Voilà un polar australien qui, mise à part la présence du bush, pourrait s’imaginer partout ailleurs avec son tandem de flics, son truand sadique mais sensible, et ses rebuts dégénérés dans leur caravane. Eden fait partie de ces romans étranges, dont les ficelles sautent aux yeux, qui empruntent des chemins usés, mais réussissent à rendre compte d’une certaine violence. Il est question de celle faite aux enfants, les « chats sauvages » recueillis par Ours, et de celle des adultes plein de haine et de vengeance. L’écriture a les mêmes travers que l’histoire et se révèle tour à tour basique et traversée d’images qui font mouche.
« Dans ses yeux, il y avait du béton, de l’acier et des nuages d’orage, le gris de temps difficiles endurés en silence. Il me rappelait mon père – et quand cette pensée me vint, je la chassai physiquement de ma tête en la secouant et en détournant les yeux. »
Dans une interview au Guardian en septembre 2017, Candice Fox dit que les vrais crimes sont une grande source d’inspiration, mais que les criminels sont eux bien moins intéressants que leur crimes brutaux et fascinants. Eden illustre bien sa pensée. Les différents personnages sont conçus pour leur côté attractif et ambivalents. Ils sont poussés à l’extrême, à peine croyables, mais Eden se veut-il vraiment crédible ? Le roman questionne la possibilité de sortir de la violence, à travers le personnage d’Heinrich enfant et futur truand, à travers Eden gamine élevée dans la violence et qui devient flic pour accomplir sa vengeance, ou encore la gamine Skylar dont on voudrait préserver l’innocence. Les femmes morflent, et un homme parmi elles tentent de leur rendre justice : Frank le flic perdu entre son amie assassinée, sa psy attirante et sa collègue dérangeante.

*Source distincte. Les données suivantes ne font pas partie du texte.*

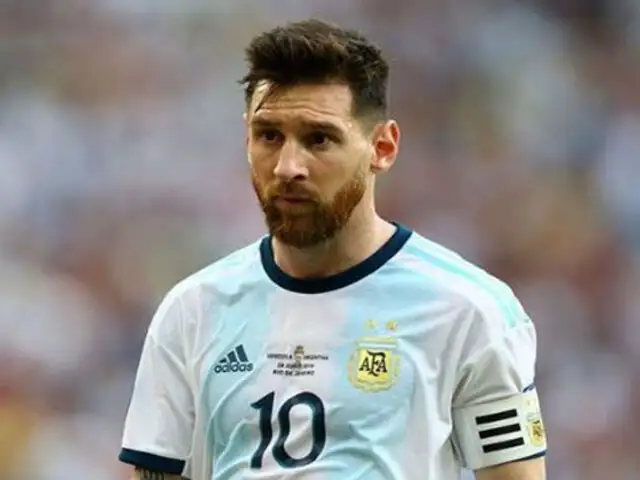 Así reaccionó Messi: Jugador de Arabia Saudita le golpea la espalda y encara al capitán argentino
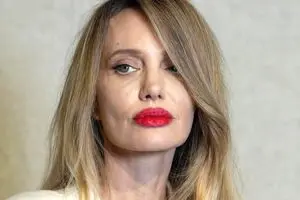 جنجال چهره عجیب آنجلینا جولی در چین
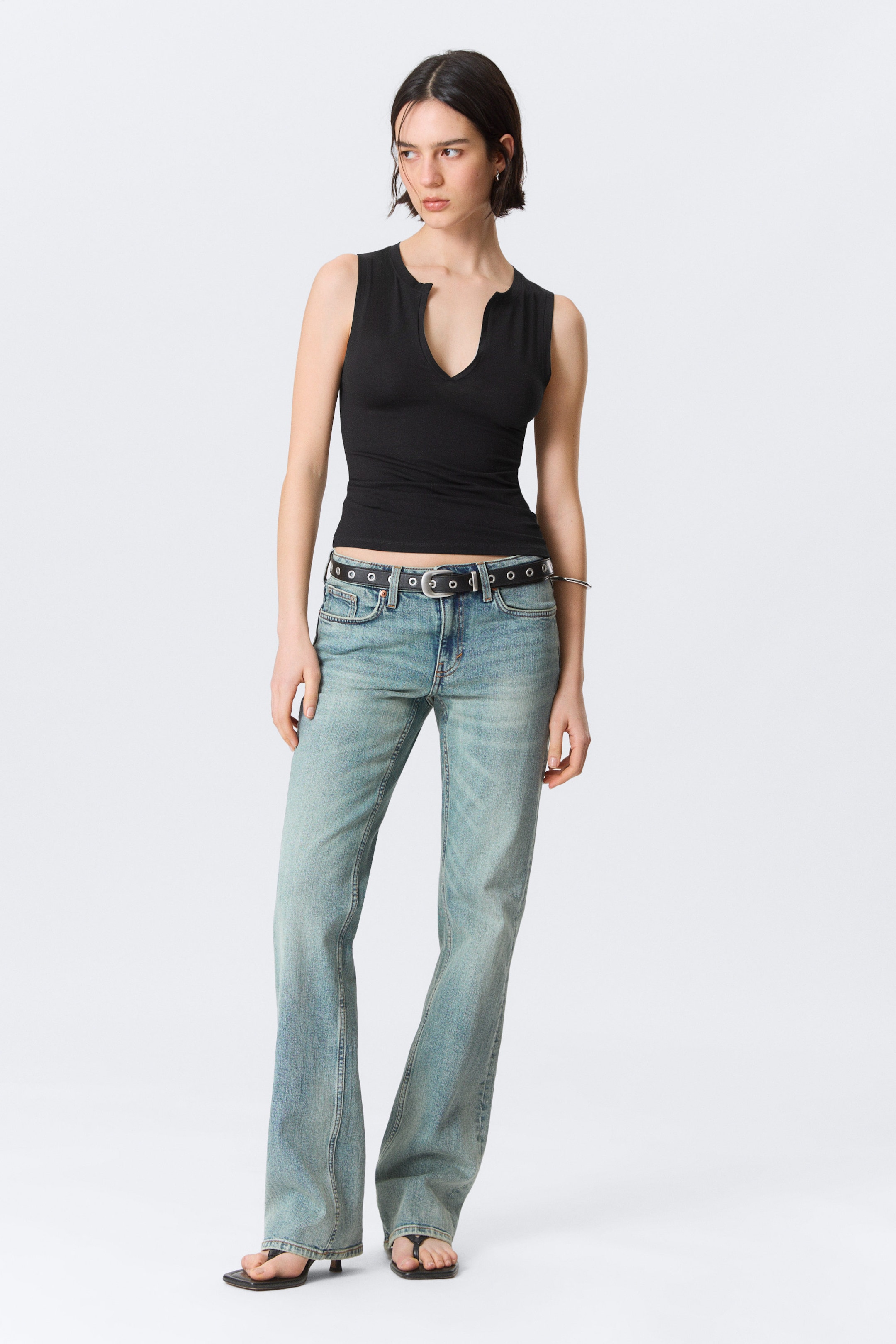 Schwarz - Schmales, ärmelloses Top mit V-Ausschnitt - 2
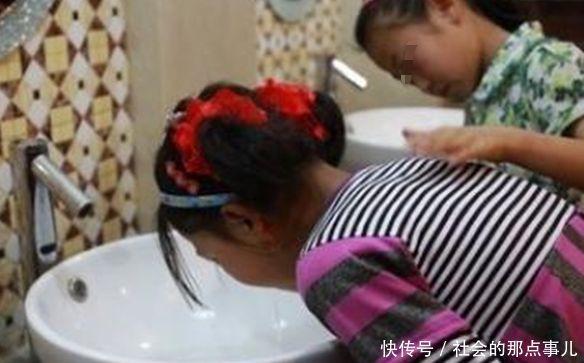 宝妈带6岁女儿改嫁,女儿一吃饭就吐,医生检查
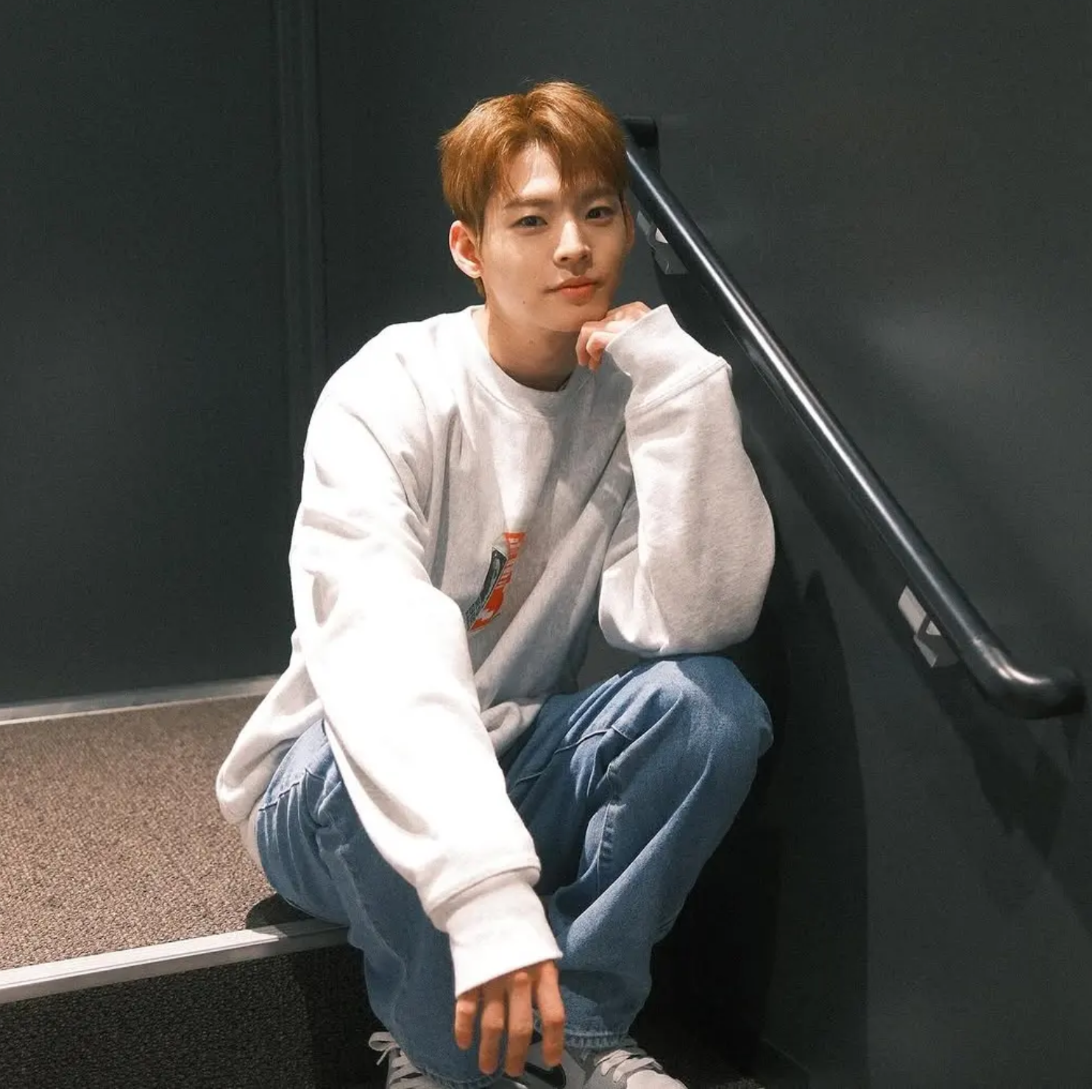 Behind-the-scenes cut of Hyojin (ONF)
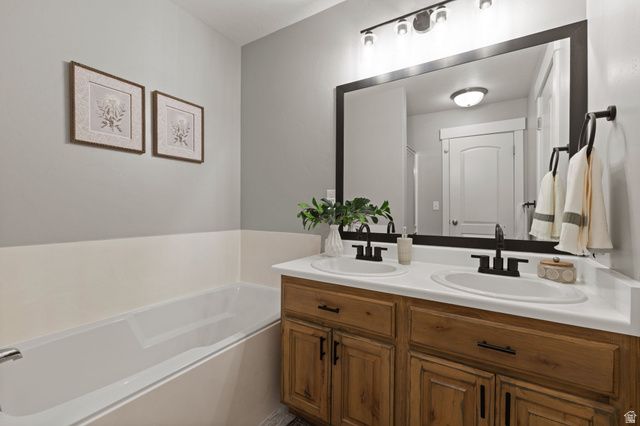 9032 N BARTON CREEK DR, Eagle Mountain, UT 84005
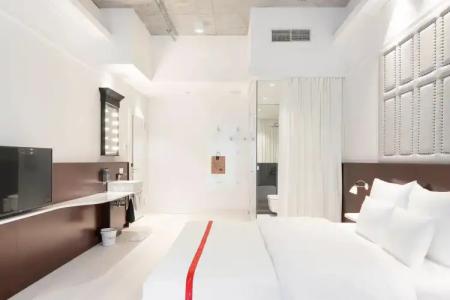 Ruby Louise Frankfurt - 16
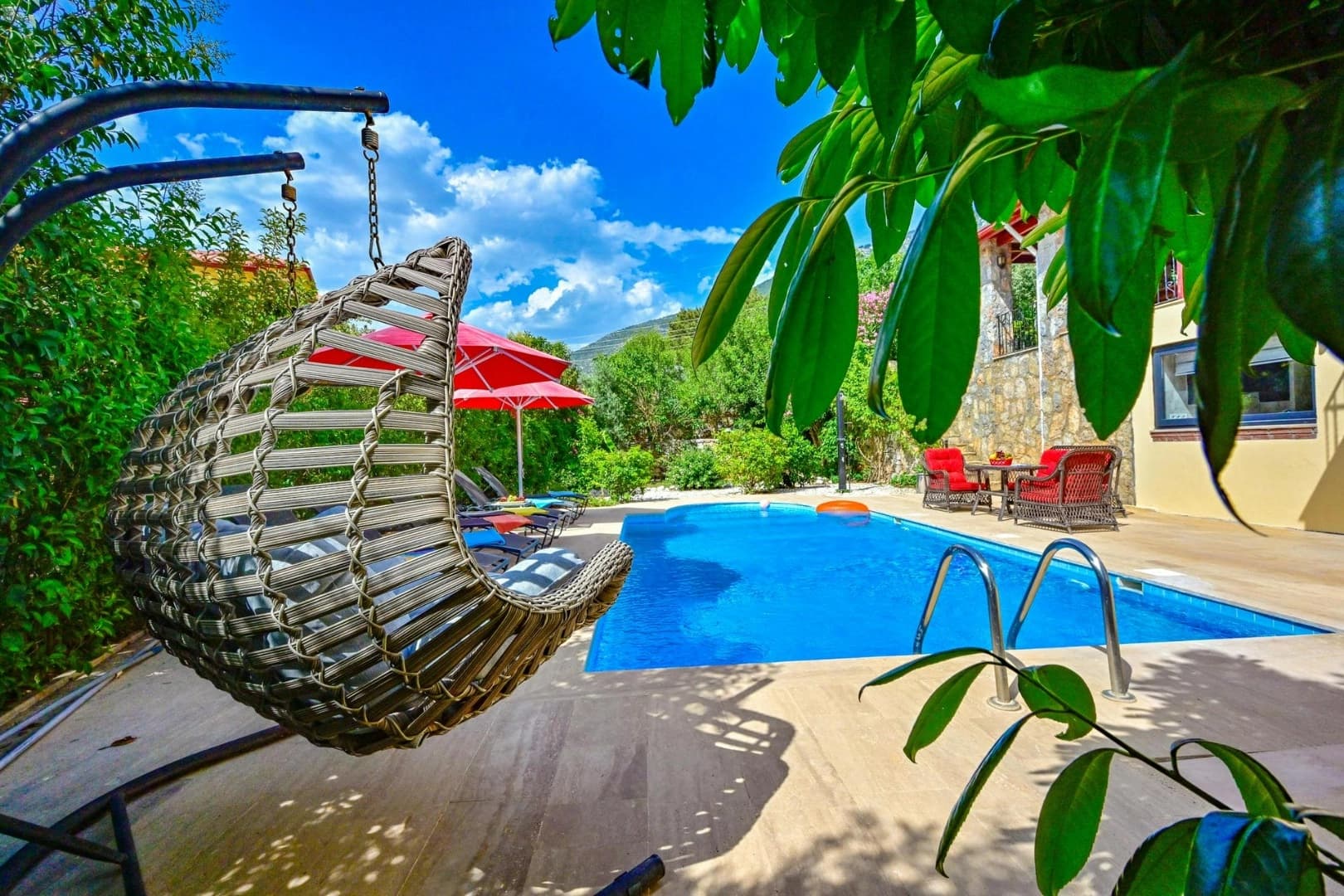 Villa Massimo Korunaklı Havuz 72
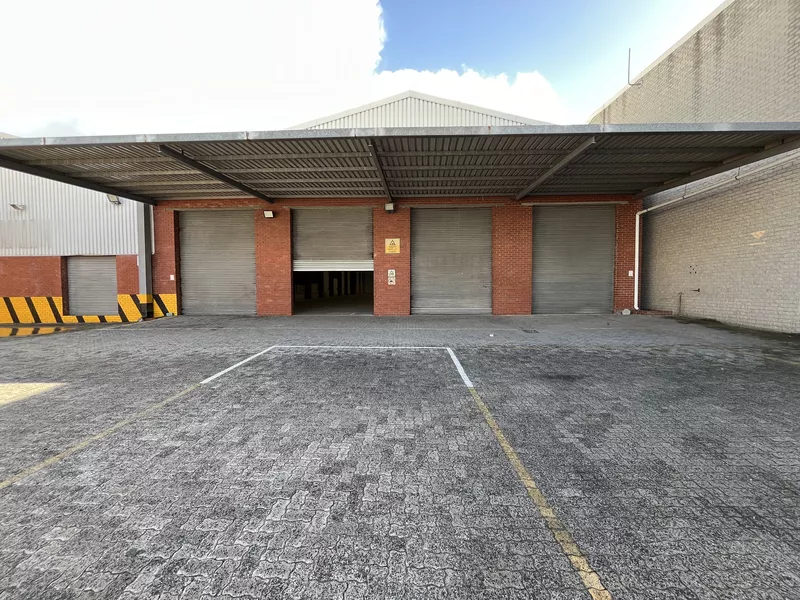 3 090 m² Industrial to let in Airport Industrial, 28 Manhattan Street (photo 15)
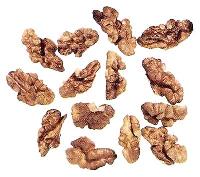 Light Amber Quarter Organic Walnut Kernels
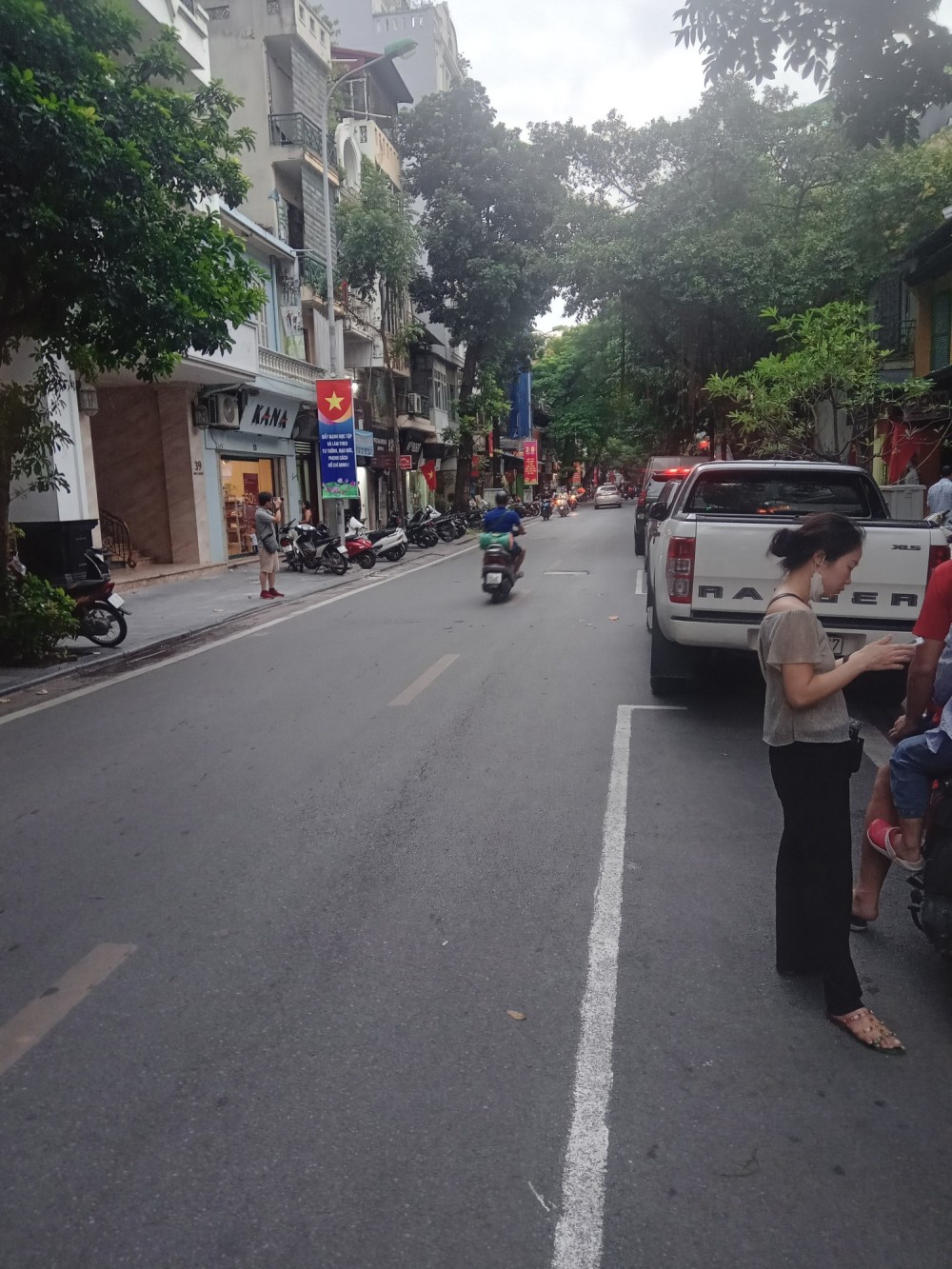 CHO THUÊ NHÀ MẶT PHỐ NHÀ THỜ 37M2 – 3 TẦNG – 45TR/THÁNG.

Deuxième roman de Candice Fox (publié seulement 8 mois après le premier, Hadès), Eden ne fait pas partie de ces livres inoubliables et subtils, mais il donne envie de suivre ce que l’auteure commettra par la suite. Elle arrive en 2018 sous le titre Fall…
Caroline de Benedetti
Candice Fox, Eden, Michel Lafon, 2017, traduit de l’anglais par Isabelle Troin, 19,95 €, 476 p.